This is the introduction from an essay i wrote when i was studying english and university and i find the idea of the hero and the villian a fascinating concept.....
‘There is nothing to be taken from the Holocaust that imbues anyone with hope or any sort of redemption. But the need for heroes is so strong we’ll manufacture them’ (Raul Hilberg). To what extent do the Holocaust texts that you have studied ‘manufacture’ heroes as their protagonists?

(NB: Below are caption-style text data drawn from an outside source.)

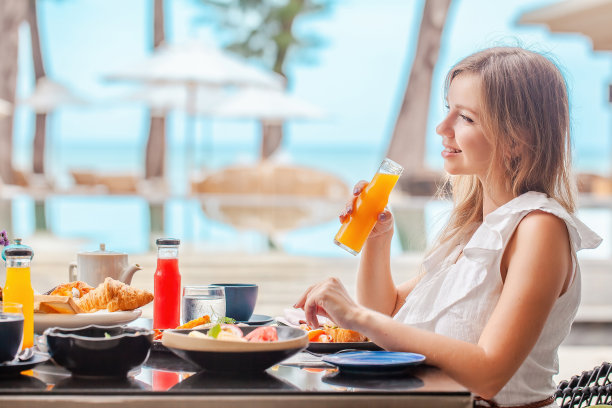 在豪华的热带度假村的游泳池附近喝健康橙汁的早餐妇女。泳池旁的健康早餐和水果盘。海滩奢华生活，夏日度假。图片下载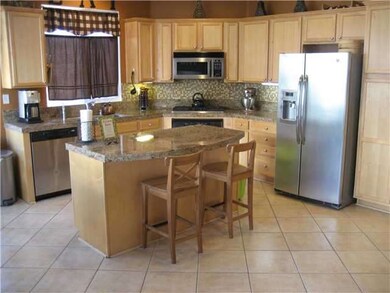 Entertainer's kitchen including granite countertop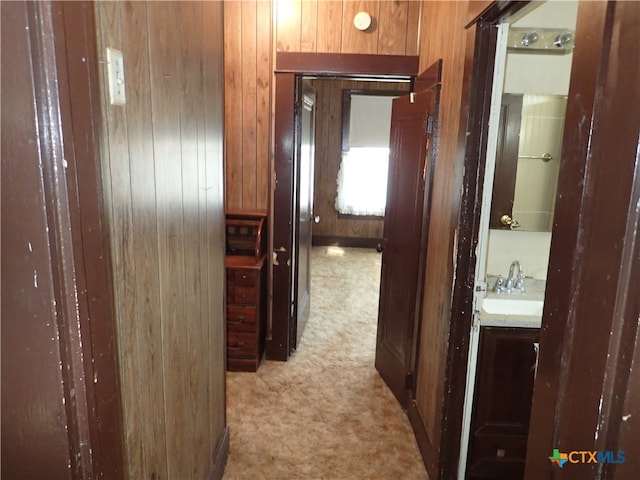 hallway with light colored carpet, sink, and wooden walls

Hilberg’s statement rings true in many Holocaust texts; the Holocaust is an event so shocking that many people need a hero to provide faith in human morality, just as much as they need a villain to blame for such horror. Primo Levi addresses this simplification when he outlines many people’s desire for ‘the good guys and the bad guys’, he then goes on to show the need for a hero when he summarises public perception with the words: ‘the good must prevail, otherwise the world would be subverted.’ This essay aims to explore why there is this need for the good side and the bad side, which therefore causes the manufacturing of a hero and villain. Through Spielberg’s epic film Schindler’s List, Primo Levi’s The Drowned and the Saved and Art Spielelman’s Maus the idea of what is heroic will be examined. If these texts do manufacture heroes, the question remains, why is a hero needed in an event which has no real happy ending?